__Task instructions__. Where the word "Shirt" occurs in a line of the listing, please copy the line.

__Entries provided__.
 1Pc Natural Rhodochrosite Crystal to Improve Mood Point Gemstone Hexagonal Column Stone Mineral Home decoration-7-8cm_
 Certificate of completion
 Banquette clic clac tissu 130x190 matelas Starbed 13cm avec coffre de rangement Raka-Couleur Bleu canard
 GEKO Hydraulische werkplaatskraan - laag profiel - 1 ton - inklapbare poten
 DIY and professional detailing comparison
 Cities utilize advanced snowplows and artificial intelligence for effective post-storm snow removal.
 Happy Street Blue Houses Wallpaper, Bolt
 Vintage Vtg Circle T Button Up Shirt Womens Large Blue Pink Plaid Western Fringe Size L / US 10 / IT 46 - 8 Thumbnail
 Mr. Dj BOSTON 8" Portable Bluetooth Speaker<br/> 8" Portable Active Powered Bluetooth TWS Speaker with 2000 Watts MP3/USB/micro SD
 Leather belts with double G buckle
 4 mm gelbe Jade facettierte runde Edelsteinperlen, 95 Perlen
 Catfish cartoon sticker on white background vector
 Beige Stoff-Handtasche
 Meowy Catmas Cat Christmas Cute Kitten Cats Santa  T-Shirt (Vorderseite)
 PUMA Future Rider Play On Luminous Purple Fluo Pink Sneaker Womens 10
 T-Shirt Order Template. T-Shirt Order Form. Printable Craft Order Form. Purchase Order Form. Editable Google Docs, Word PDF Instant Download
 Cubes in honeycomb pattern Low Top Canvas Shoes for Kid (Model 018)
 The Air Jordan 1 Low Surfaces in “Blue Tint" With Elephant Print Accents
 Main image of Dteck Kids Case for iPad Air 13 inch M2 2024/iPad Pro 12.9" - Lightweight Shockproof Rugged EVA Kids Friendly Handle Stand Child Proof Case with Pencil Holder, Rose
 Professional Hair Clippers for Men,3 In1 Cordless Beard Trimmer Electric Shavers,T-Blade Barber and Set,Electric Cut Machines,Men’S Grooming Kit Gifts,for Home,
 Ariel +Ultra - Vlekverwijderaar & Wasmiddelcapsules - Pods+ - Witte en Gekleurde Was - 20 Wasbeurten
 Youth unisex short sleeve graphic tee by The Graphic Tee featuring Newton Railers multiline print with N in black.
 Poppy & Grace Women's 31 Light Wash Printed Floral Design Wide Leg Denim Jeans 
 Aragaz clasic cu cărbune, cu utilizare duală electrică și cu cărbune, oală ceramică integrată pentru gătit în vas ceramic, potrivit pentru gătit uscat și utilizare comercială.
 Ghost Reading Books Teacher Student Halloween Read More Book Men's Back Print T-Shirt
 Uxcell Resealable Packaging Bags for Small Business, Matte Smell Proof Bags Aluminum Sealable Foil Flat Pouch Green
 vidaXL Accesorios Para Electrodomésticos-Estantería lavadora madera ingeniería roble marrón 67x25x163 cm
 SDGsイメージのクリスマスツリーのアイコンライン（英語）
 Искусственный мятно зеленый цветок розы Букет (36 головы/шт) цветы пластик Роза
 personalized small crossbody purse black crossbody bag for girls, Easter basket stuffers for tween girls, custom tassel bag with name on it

__Exercise result__.
 Vintage Vtg Circle T Button Up Shirt Womens Large Blue Pink Plaid Western Fringe Size L / US 10 / IT 46 - 8 Thumbnail
 Meowy Catmas Cat Christmas Cute Kitten Cats Santa  T-Shirt (Vorderseite)
 T-Shirt Order Template. T-Shirt Order Form. Printable Craft Order Form. Purchase Order Form. Editable Google Docs, Word PDF Instant Download
 Ghost Reading Books Teacher Student Halloween Read More Book Men's Back Print T-Shirt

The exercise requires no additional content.